Qu'un château comme Kerestat, contemporain de l'église, ait eu une issue de secours en cas d'attaque de soldats ou de bandits, rien d'étonnant. Mais il faut se garder d'allonger ces souterrains.

Quand il y a. un creux sous les pieds la seule idée raisonnable qu'il faille accueillir est celle d'une tombe gauloise ou plus ancienne. Nous attendrons,pour parler de la chambre à couloir trouvée au VENEC auprès du Rhun, que les préhistoriens rennais aient interprété les maigres résultats de leur fouille. Jusqu'à plus ample informé nous verrions là une tombe.


LES "ANNALES ROSCOVITES"

Pascal DE KERENVEYER à qui nous empruntons la copie de l'acte de répartition des tombes en l'église paroissiale en 1550 est né à Roscoff en 1729.

Il fut Maréchal de Camp des armées du roi et général de Division, chevalier de St Louis ; il commanda les armées de la Révolution à Dunkerque mais son loyalisme fut suspecté : il fut exilé à Beauvais et sa mort est restée mystérieuse.
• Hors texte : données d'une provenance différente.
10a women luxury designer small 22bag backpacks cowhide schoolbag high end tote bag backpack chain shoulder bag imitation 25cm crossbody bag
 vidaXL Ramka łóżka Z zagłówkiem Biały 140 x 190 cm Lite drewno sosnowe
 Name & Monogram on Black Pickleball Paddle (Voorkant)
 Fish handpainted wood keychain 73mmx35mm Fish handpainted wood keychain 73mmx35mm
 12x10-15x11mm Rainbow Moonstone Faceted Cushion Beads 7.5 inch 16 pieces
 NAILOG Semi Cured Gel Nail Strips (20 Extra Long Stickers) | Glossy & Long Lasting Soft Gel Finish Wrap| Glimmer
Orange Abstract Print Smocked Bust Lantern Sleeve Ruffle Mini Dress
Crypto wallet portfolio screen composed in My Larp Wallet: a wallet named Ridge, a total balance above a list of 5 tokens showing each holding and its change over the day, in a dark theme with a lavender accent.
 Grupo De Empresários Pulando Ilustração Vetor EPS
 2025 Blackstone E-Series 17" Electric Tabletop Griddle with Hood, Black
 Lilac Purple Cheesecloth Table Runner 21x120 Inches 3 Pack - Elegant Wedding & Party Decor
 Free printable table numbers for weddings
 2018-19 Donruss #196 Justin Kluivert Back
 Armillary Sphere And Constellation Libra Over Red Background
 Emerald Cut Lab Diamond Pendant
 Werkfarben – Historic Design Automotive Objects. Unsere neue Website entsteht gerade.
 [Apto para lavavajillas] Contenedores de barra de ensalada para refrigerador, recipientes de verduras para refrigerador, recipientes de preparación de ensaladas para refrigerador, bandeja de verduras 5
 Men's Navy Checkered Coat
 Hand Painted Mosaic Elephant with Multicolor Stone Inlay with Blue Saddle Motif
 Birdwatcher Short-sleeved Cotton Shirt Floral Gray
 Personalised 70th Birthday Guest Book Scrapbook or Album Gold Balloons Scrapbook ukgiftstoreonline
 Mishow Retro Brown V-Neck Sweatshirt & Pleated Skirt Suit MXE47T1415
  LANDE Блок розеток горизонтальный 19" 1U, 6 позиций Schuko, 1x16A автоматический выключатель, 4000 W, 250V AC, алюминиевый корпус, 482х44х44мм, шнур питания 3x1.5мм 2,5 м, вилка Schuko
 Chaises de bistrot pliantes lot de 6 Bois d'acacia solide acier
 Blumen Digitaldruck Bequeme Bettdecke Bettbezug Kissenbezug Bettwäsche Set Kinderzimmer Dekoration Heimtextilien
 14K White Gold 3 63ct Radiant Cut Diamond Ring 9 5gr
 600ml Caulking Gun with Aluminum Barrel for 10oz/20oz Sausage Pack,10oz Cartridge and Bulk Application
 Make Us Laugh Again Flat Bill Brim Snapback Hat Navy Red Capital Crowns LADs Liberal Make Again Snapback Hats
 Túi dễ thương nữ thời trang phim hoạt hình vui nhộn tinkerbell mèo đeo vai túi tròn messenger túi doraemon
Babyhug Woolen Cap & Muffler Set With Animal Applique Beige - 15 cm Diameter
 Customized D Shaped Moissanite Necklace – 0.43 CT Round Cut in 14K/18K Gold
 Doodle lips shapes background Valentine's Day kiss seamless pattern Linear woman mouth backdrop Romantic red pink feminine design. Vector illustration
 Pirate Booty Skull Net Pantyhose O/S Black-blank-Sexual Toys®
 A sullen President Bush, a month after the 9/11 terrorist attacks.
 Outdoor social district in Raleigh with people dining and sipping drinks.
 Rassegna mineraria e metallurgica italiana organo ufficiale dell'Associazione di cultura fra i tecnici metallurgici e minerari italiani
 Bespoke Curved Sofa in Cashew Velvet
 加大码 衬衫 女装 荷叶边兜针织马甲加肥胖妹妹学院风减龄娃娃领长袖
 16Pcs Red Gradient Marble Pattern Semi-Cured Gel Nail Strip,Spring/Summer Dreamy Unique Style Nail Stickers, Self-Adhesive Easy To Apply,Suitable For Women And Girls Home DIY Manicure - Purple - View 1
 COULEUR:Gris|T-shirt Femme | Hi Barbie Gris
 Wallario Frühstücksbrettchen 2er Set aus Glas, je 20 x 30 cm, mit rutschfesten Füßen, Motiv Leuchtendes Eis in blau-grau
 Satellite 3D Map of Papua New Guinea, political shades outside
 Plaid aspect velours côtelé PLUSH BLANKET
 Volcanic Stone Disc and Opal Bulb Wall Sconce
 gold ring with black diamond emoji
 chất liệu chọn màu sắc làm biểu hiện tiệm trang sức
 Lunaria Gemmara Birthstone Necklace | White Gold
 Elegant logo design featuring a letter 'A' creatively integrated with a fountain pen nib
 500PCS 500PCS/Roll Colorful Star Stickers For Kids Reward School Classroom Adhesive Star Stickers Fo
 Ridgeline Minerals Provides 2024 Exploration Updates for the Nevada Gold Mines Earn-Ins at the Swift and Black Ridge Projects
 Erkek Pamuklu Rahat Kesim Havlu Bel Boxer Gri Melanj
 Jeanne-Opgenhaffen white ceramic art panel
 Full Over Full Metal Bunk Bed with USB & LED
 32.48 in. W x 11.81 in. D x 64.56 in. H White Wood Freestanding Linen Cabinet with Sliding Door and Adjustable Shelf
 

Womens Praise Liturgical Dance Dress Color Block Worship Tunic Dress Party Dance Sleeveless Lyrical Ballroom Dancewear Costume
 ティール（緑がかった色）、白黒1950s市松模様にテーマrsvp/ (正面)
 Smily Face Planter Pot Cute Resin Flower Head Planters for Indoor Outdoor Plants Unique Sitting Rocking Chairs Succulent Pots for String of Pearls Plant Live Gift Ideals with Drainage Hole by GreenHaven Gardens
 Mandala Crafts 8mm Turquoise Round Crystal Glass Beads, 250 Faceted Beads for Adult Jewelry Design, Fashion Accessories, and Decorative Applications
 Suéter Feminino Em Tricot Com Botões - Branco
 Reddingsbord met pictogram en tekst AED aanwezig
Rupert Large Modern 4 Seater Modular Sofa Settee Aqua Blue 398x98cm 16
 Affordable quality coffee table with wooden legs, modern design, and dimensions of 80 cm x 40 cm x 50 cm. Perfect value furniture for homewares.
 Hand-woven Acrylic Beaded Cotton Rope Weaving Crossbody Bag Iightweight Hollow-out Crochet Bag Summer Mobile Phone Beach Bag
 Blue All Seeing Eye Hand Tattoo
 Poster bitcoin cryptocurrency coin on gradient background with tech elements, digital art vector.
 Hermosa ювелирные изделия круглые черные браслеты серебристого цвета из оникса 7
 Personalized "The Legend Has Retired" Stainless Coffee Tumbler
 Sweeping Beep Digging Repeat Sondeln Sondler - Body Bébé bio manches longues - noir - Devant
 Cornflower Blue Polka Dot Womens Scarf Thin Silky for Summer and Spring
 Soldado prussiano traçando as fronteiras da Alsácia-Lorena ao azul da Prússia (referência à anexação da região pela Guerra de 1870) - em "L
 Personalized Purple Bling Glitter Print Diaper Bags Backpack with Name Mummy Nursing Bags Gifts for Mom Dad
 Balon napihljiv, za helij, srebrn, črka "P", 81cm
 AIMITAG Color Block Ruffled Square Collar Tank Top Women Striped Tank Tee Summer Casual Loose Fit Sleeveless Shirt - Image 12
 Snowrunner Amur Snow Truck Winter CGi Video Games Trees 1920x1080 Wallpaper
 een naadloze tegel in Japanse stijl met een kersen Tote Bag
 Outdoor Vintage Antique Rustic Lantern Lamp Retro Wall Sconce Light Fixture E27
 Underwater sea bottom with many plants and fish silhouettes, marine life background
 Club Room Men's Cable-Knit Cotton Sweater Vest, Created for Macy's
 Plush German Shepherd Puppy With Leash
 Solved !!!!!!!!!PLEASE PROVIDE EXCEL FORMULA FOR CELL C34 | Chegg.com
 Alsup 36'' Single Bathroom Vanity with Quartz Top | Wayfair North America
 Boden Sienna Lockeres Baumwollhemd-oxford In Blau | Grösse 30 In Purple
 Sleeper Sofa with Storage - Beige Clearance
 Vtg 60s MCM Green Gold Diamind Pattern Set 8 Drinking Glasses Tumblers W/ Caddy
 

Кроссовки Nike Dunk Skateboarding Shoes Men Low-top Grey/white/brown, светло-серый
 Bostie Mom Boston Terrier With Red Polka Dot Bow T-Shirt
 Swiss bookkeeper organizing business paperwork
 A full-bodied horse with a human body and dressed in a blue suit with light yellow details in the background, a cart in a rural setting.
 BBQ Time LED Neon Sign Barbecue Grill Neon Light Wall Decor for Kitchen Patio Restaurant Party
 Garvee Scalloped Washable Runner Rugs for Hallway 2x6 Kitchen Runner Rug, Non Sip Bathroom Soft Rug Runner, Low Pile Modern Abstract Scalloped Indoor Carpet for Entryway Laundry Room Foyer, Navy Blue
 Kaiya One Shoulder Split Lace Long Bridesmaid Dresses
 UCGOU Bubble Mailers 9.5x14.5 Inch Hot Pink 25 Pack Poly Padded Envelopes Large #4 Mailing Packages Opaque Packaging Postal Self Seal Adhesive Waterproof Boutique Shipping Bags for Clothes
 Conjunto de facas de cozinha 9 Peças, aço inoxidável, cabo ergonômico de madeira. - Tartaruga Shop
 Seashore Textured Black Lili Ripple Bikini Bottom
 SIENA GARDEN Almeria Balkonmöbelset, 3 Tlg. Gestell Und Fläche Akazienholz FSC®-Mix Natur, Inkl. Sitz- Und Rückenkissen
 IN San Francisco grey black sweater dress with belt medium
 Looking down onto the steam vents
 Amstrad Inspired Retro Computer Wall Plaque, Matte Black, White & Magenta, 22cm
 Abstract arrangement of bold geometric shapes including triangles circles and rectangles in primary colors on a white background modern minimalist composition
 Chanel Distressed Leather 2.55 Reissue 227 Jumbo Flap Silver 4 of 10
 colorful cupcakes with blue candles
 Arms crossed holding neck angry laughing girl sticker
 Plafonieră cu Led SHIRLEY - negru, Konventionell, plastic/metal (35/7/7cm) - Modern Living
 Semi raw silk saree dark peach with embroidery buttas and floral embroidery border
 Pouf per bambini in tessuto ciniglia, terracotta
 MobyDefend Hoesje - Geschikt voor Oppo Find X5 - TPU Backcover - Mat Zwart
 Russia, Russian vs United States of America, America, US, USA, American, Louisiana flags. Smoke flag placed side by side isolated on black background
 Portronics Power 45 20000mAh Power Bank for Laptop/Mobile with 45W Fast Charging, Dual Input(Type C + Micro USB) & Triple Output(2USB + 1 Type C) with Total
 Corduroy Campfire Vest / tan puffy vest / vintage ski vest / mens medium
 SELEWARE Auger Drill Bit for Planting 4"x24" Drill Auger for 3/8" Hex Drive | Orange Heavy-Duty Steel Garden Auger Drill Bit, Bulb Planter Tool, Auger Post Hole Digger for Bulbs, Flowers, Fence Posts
Pascal a fait des recherches dans les archives roscovites en vue d'établir la généalogie des diverses familles mais il a recueilli aussi les actes qui lui ont paru avoir de l'intérêt pour l'histoire de Roscoff. Il a rédigé les “ANNALES ROSCOVITES” dont la Mairie de Roscoff conserve une copie.

“ Comme je touche à l'époque à laquelle les affaires vont s'éclaircir et que tout ce que j'ai dit jusqu'à présent n'est que l'extrait des historiens ou des conjectures sur la vie du local, je vais faire une digression et insérer les raisons de ce travail qui par sa nature, ne peut avoir l'agrément d'une histoire.”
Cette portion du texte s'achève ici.